The report, Specialist homelessness services: 2012-13, shows that about 244,000 Australians accessed specialist homelessness services in 2012-13-a 3% rise since 2011-12.
More than half of all these clients were at risk of homelessness (54%) when they first began receiving support. Of the remaining 46% who were already homeless, 22% had no shelter or were staying in improvised dwellings and 35% were in short-term accommodation.
'Agencies were able to help many clients find more stable housing and assist other clients to remain in accommodation that they were at risk of losing,' said AIHW spokesperson Geoff Neideck.
'Emergency accommodation was provided to 64,000 clients in 2012-13. Moving into public or community housing continued to be an important outcome for clients where places were available. The proportion of clients in public or community housing rose from 15% at the start of support to 21% at the end of support,' Mr Neideck said.
Most clients who received assistance were female (59%) reflecting the high numbers of females seeking assistance due to domestic violence. Almost 49,000 adult females were assisted as a result of domestic violence, with these cases involving around 24,000 children. Males were more likely than females to be homeless when they first received support.
'Indigenous Australians continue to be over-represented.
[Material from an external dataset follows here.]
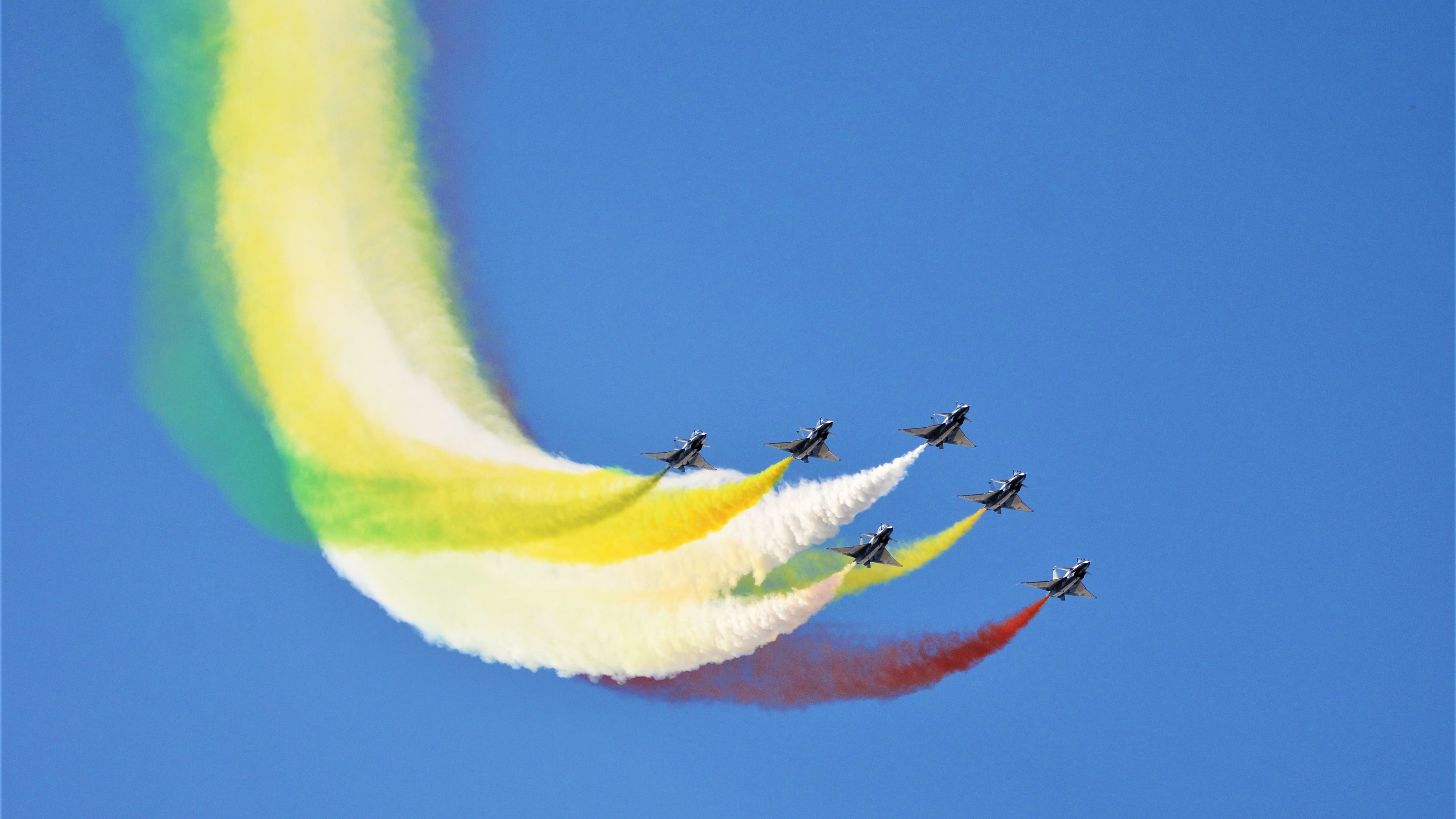 欧冠决赛惊现篮球绝技?杰伦格林隔空觉醒,迈阿密热火的基因在绿茵场轰鸣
Although only making up 3% of the total Australian population, Indigenous people represented 22% of specialist homelessness services clients in 2010-13,' Mr Neideck said.
'One way agencies assist clients is by helping them secure a source of income so they can meet housing costs.'
The proportion of clients who had no income was reduced from 17% at the beginning of support to 10% at the end of support.
Among clients who required employment assistance, the proportion employed at the end of support rose from 12% to 20%.
The report also shows an increase in older people seeking support.
Although representing a small proportion of overall clients, the proportion of clients 55 years and over seeking support from specialist homelessness agencies rose by 14%between 2011-12 and 2012-13.
The estimated average number of unmet requests for assistance each day rose from 385 to 417 between 2011-12 and 2012-13.
'However, the good news is that there has been a drop in the proportion of clients experiencing repeat periods of homelessness,' Mr Neideck said.
The AIHW is a major national agency set up by the Australian Government to provide reliable, regular and relevant information and statistics on Australia's health and welfare.